Muhtemelen yolculuk filmleri listesinde bir süper kahraman filmi görmeyi beklemiyordunuz. Ancak belki de "Logan"ın türünün en iyilerinden biri olmasının nedeni de yolculuk temasını konu alması olabilir. Hugh Jackman'ın Wolverine karakterine veda ettiği film olarak bildiğimiz "Logan", önceki "X-Men" ve "Wolverine" filmlerinden farklı bir yol izleyerek hem şiddet hem de duygusallık dozunu artırmıştı. James Mangold'un yönettiği film, tipik süper kahraman filmlerine göre biraz daha kasvetli ve biraz daha drama yakın. Özünde bir yolculuk filmi olması nedeniyle de karakterlerde büyük değişimler gözlemlememize imkan sağlayan bir yapım. Logan ve Charles Xavier, Logan'ın güçlerine sahip genç bir mutant olan Laura'yı korumak için yaşadıkları yeri terk edip, güvenli bir bölgeye doğru yola çıkmak zorunda kalır. Üstelik de peşlerinde Laura'yı ele geçirmeye çalışan tehlikeli kişiler varken. "Logan"ın başrollerinde her biri oyunculuğuyla kendine hayran bırakan Hugh Jackman, Patrick Stewart ve Dafne Keen'i görüyoruz.

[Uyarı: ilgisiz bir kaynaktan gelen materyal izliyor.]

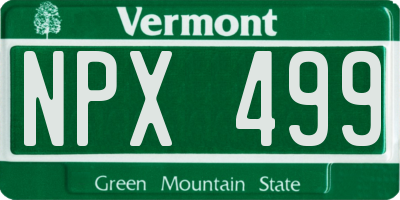 VT license plate NPX499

Listemizin son sırasında, ne kadar yol giderlerse gitsinler çöl manzarasının pek de değişmemesi nedeniyle, görsel olarak pek de yolculuk hissi vermeyen ama tüm filmin yolda geçmesi nedeniyle listemizde yer almak zorunda olan "Mad Max: Fury Road" bulunuyor. Ölümsüz "Mad Max" serisini bilenler ve sevenler, mutlaka bu filmi de izleyip çok sevmiştir. Ancak seriye aşina olmayanlar için de oldukça zevkle ve anlaşılma problemi yaşamadan izlenebilecek bir yapım olduğunu söylemeliyiz. Bir kısım seyirci ve eleştirmen tarafından tüm zamanların en iyi aksiyon filmleri arasında da görülen "Mad Max: Fury Road", George Miller'ın imzasını taşıyor. Kıyamet sonrası çorak bir diyarda, Max adında bir adam ve bir kadın, mahkum edilmiş bir grup kadını vahşi bir tiranın elinden kaçırır. Filmin oyuncu kadrosunda Tom Hardy, Charlize Theron, Nicholas Hoult, Zoe Kravitz, Hugh Keays-Byrne, Josh Helman ve Rosie Huntington-Whiteley'i izliyoruz.